Most people infected with St. Louis encephalitis do not have symptoms, according to the CDC. Those people who do become ill may experience fever, headache, nausea, vomiting, and tiredness. Some people may develop neuroinvasive disease, such as encephalitis or meningitis. In rare cases, long-term disability or death can occur. There are no vaccines to prevent or medicines to treat St. Louis encephalitis.
The mosquito abatement districts encourage residents to dump and drain any standing water around their property.
“Preventing opportunities for mosquitoes to breed around your home can help protect you and your family," said David Heft, the general manager for Turlock Mosquito Abatement District. "Take a moment to look around your property and dump and drain any items with standing water that can allow mosquitoes to develop.”
In cases of larger amounts of standing water such as neglected swimming pools, ponds, water troughs, or ornamental ponds, the districts encourage residents to place mosquitofish in them.

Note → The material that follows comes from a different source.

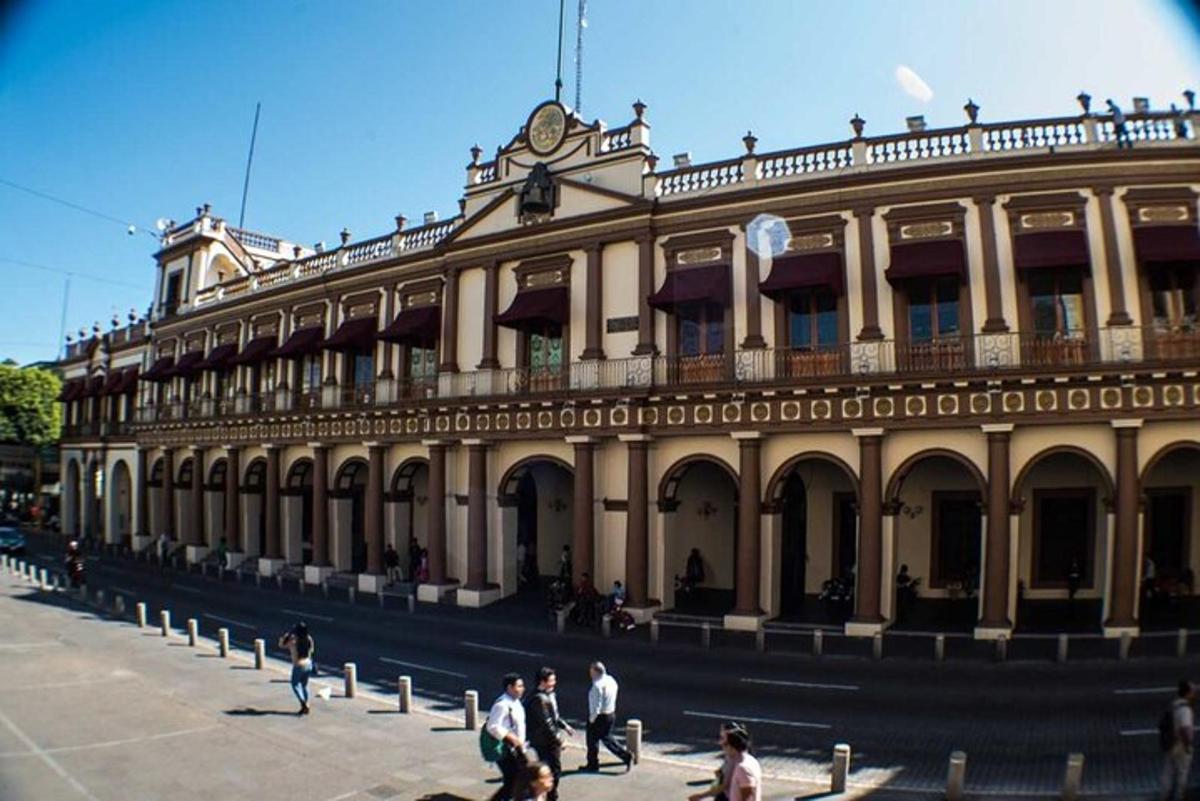 a large building with people walking in front of it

Residents may contact the Turlock or Eastside Mosquito Abatement offices to arrange for mosquitofish pickup or delivery.
The Districts will continue with their surveillance programs identifying mosquito breeding sources and mosquito borne disease activity. They will treat according to their surveillance results. The Districts anticipate more WNV and mosquitoes in the coming months and would like to remind residents they can help by taking the following precautions:
• Dump or drain standing water. These are places mosquitoes like to lay their eggs.
• Defend yourself against mosquitoes by using repellants containing DEET, Picaridin or Oil of Lemon Eucalyptus.
• Avoid being outdoors at dusk and dawn. These are the times when WNV carrying mosquitoes are generally most active.
•Report neglected swimming pools to your local mosquito abatement district.
• Use tight fitting door and window screens to keep mosquitoes from entering your home.
• Contact your veterinarian for information on vaccinating equine against WNV.
For additional information or to request service, residents should contact their local District Stanislaus County MADs:
• North of the Tuolumne River contact: Eastside Mosquito Abatement District at (209) 522-4098 (www.eastsidemosquito.com)
• South of the Tuolumne River contact: Turlock Mosquito Abatement District at (209) 634-1234 (www.turlockmosquito.org)
Reporting and testing of dead birds are important steps in preventing West Nile Virus. A confirmed case of the virus in dead birds or mosquito samples helps to identify areas that need treatment to reduce mosquito activity. To report a dead bird, call the California State hotline at 1-877-WNV-BIRD or report it online at www.westnile.ca.gov. Birds of particular interest are crows, ravens, magpies, jays and raptors (hawk or eagle).